I mention all of this because if Mitt Romney ends up as the Republican nominee, we will in some ways be running in 2012 against the force of Black Friday. Mitt Romney has done an excellent job at positioning himself for the general election simply by being corporate. In short, he personifies the corporate worldview.
This is why I am greatly worried about attacking Mitt Romney as a flip-flopper. There is no doubt that the charges of being a flip-flopper did great damage to John Kerry. But upon reflection we should note why it was so successful. John Kerry is a dove who in 2004 tried to act like a hawk. The Bush people were able to convince the public that Kerry, in taking hawkish positions, was violating his own core principles and worse, playing politics with life and death decisions. This is less likely to be a successful tact against Romney. When you get to the bottom of his public life, Mitt Romney, like all corporations, doesn’t have core principles. We are not talking about the purity of the free market, we are talking about the ability of corporate leaders and corporate power to shift and be whatever we want it, or need it, to be. Corporations are for free markets when that is good for them, and subsidies and loopholes when that is good for them. They oppose civil rights, until it is time to support them. They do business with the Germans in the 1930s and help our war machine in the 1940s. This sometimes puts corporations ahead of the curve, such as when they offered benefits to same-sex partners before governments or states did. Romney’s movement on social issues or the health-mandate, or really all of his flip-flops, actually feeds into his strength -- Mitt will do whatever it takes to make America great. That is his principle more than any other.

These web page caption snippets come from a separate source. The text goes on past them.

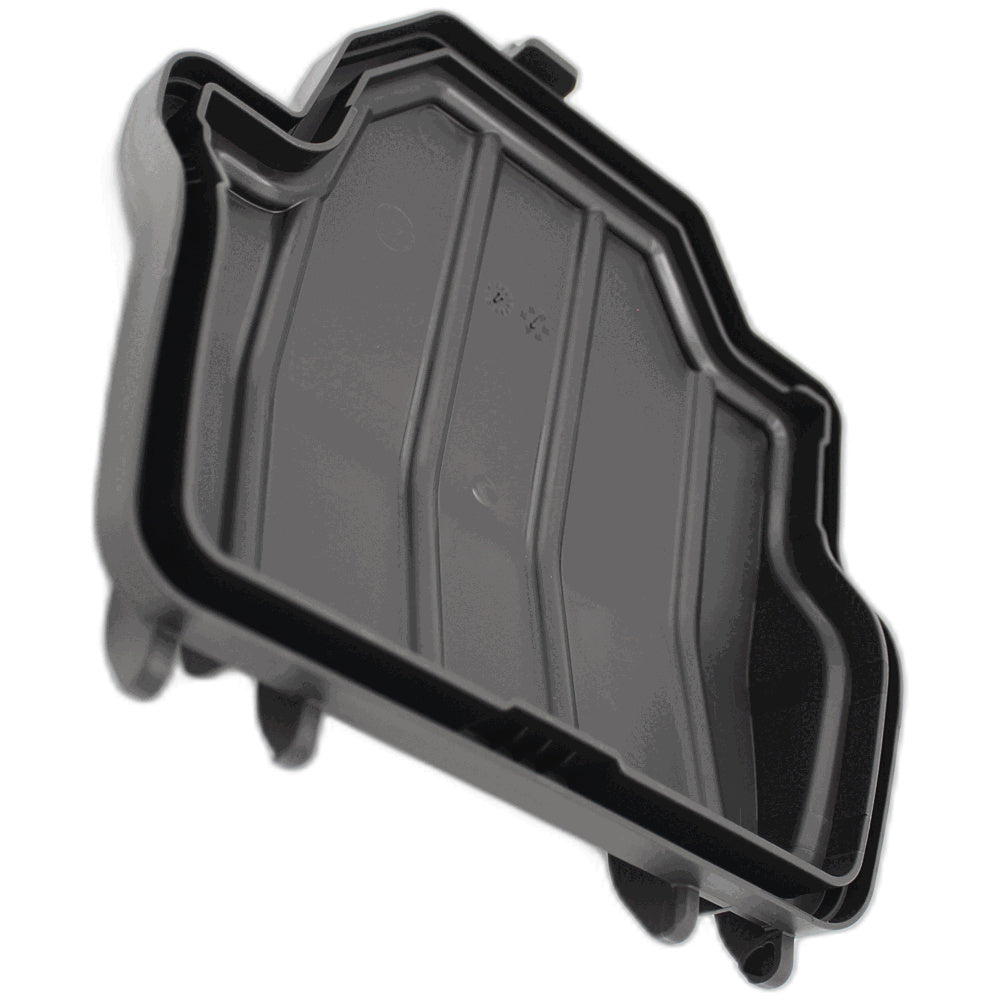 Genuine Miele Blizzard CX1 Separator Shutter Cap – 9631563 9631562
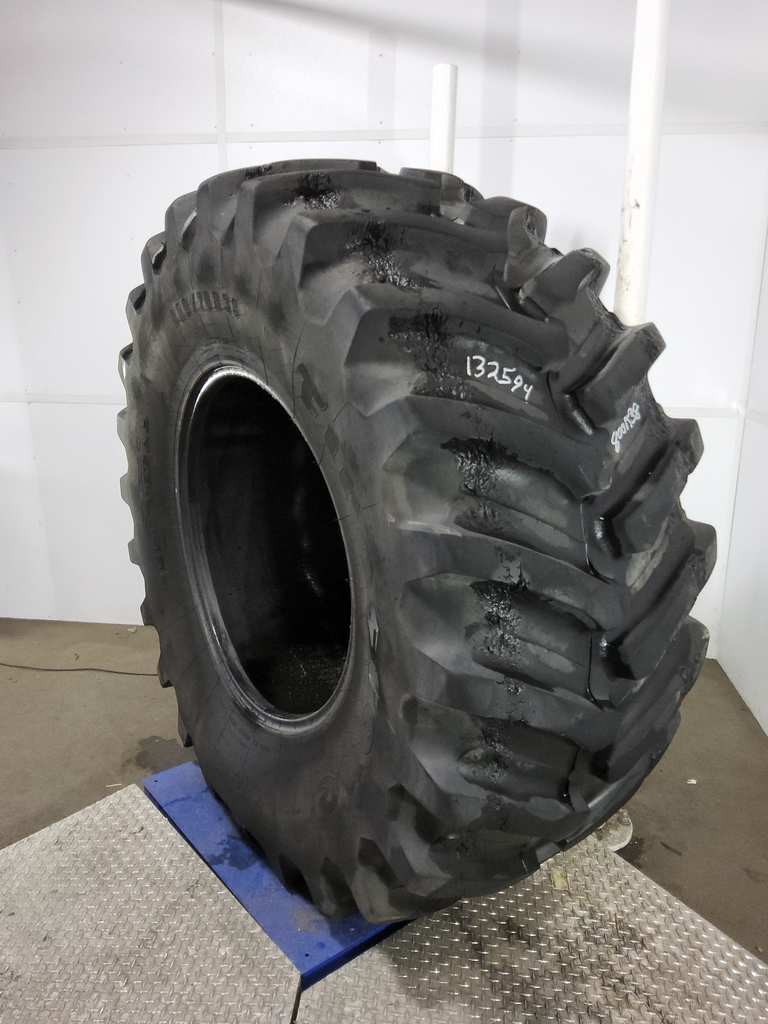 800/70R38 Firestone Radial Deep Tread 23 R-1W 173B 85%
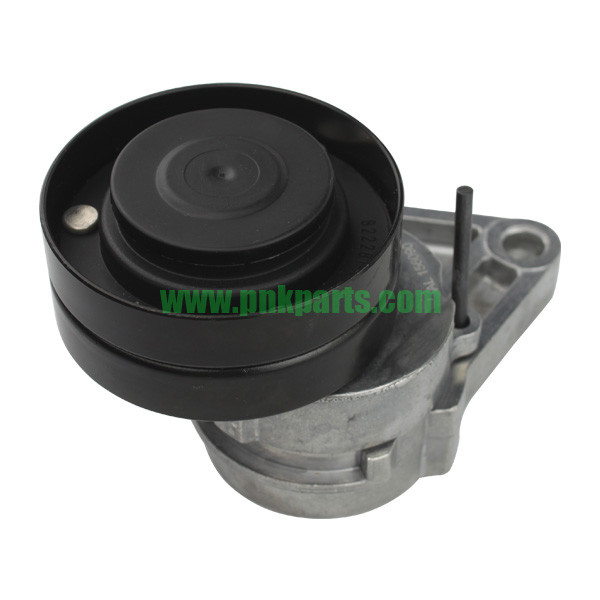 AL156090 JD Tractor Parts Belt Tensioner Agricuatural Machinery Parts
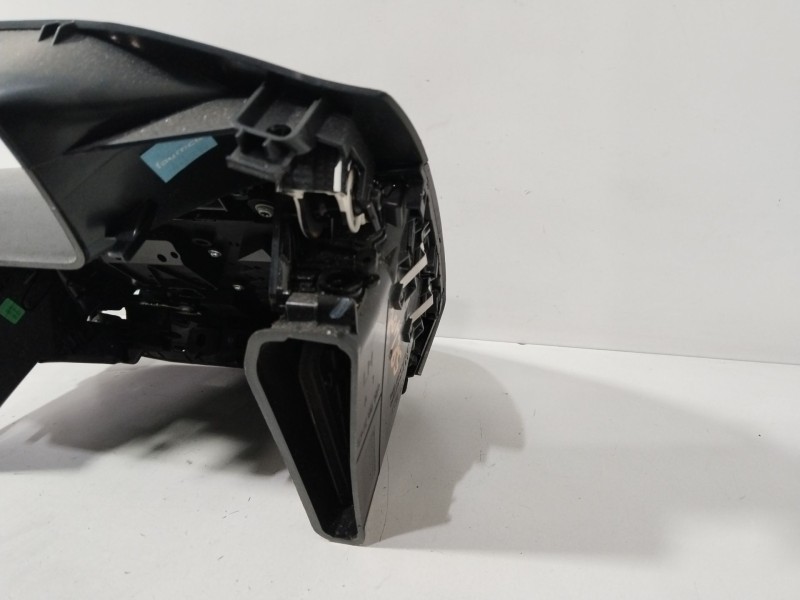 Recambio de mando multifuncion para ford focus iii 1.6 tdci referencia OEM IAM 331410000  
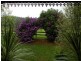 Yarranbella NSW 2447
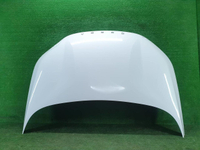 Капот Omoda C5 (2022-н.в.)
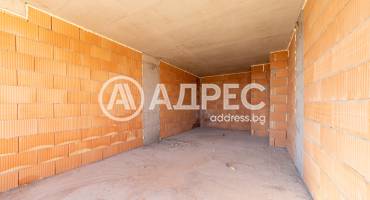 Двустаен апартамент, Варна, Кайсиева градина, 670410, Снимка 12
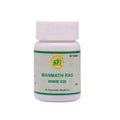 SN Herbals Manmanth Ras | Grocsy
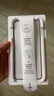 朗客【2片装】适用华为Mate70钢化膜mate70手机膜全屏覆盖超薄超清玻璃不挡屏抗指纹防摔手机贴膜 实拍图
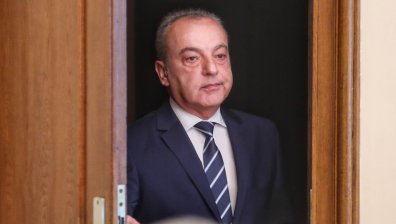 МС приема&nbsp;план за изпълнение на стратегията за борба с измамите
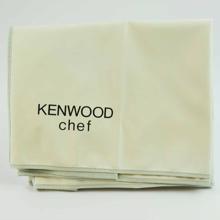 Overtrækscover til køkkenmaskine - KENWOOD CHEF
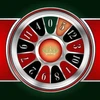 Bergmann Roulette Mod Apk [Remove ads][Mod speed]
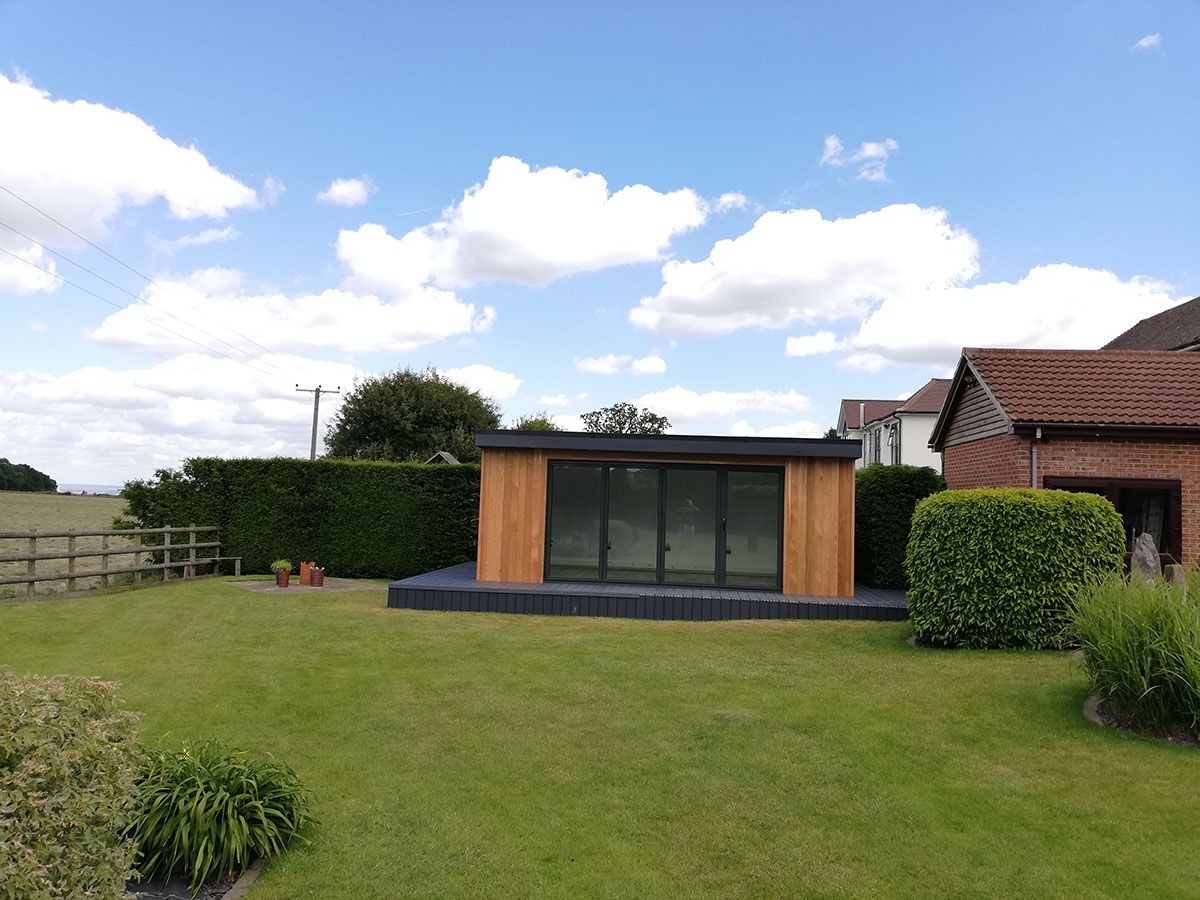 images/garden-room-meopham/Meopham1.jpg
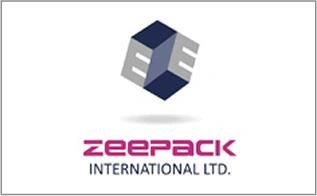 zeepack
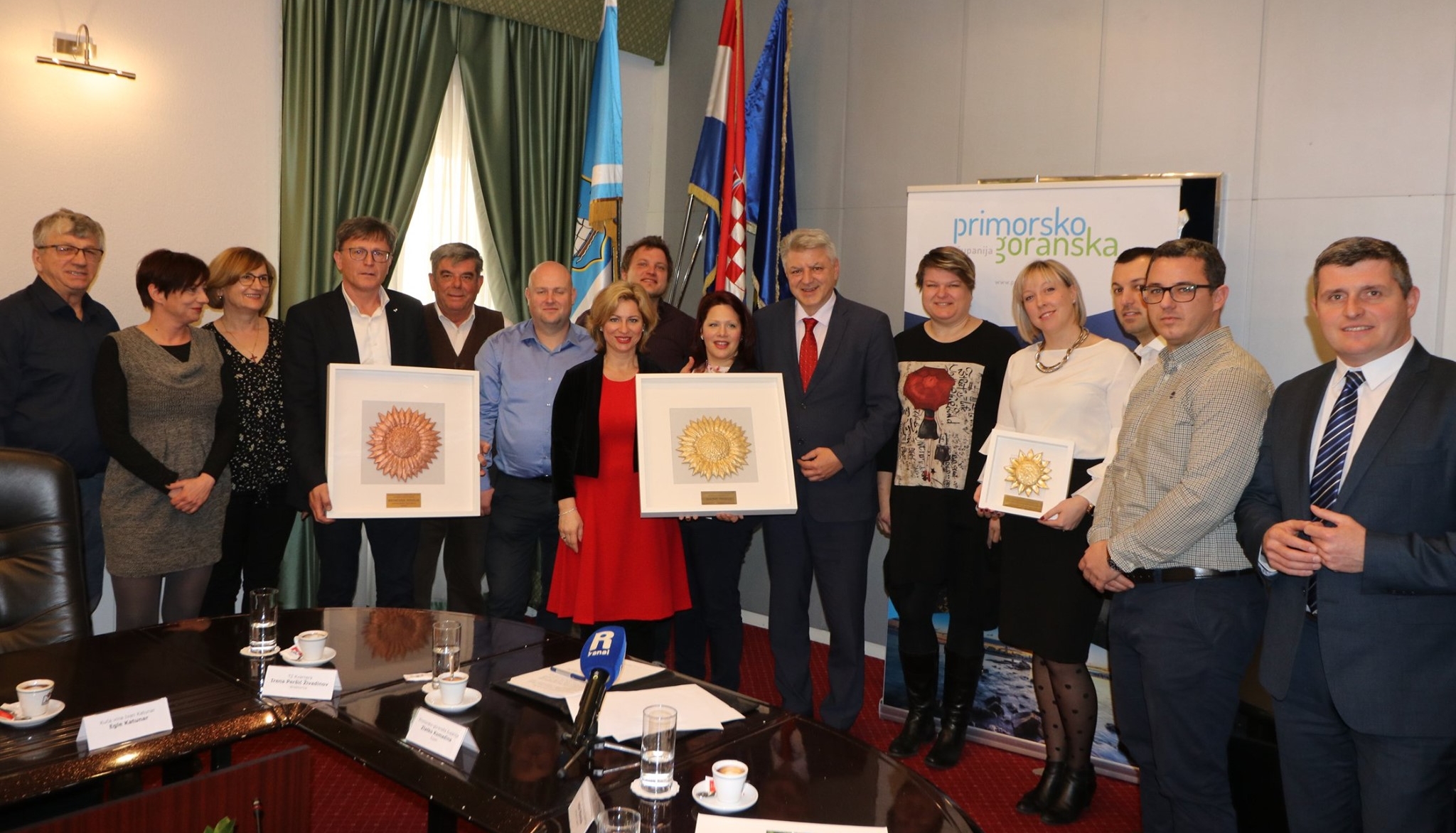 2020suncokret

This basic corporate worldview helped make America the richest and most powerful country on the face of the earth. Americans therefore are not as critical of corporate power and influence as perhaps we should be. Consider Wal-mart and the damage it has done to small business, its abysmal record on labor relationships and gender discrimination, its made-in-China goods. Yet, the company still has incredibly high favorabilities among Americans. With Mitt Romney what you get is someone focused like a laser beam on the idea that America is a company and Obama is a failing CEO. Even his foreign policy attacks make the same pitch. Mitt Romney says: Obama doesn’t appreciate how great our company is; Obama isn’t working; believe in America. The great challenge for Democrats, and Obama in particular, is that for the most part, we have accepted much of the corporate worldview, and are stuck with advocating based upon small additions and slight changes. We have too readily admitted that government is in the way, and have tinkered, when letting the corporate grown ups be in charge would seemingly work better. On the facts of course, this is absolute and total hokum, but it is a clear message that is believable and hard to attack. The flip-flopper charge doesn’t do it. Countering this perspective requires a larger narrative than anyone seems to be coming up with. Without a rhetorical alternative to the corporate view, Romney can ride the power of black Friday all the way to the White House.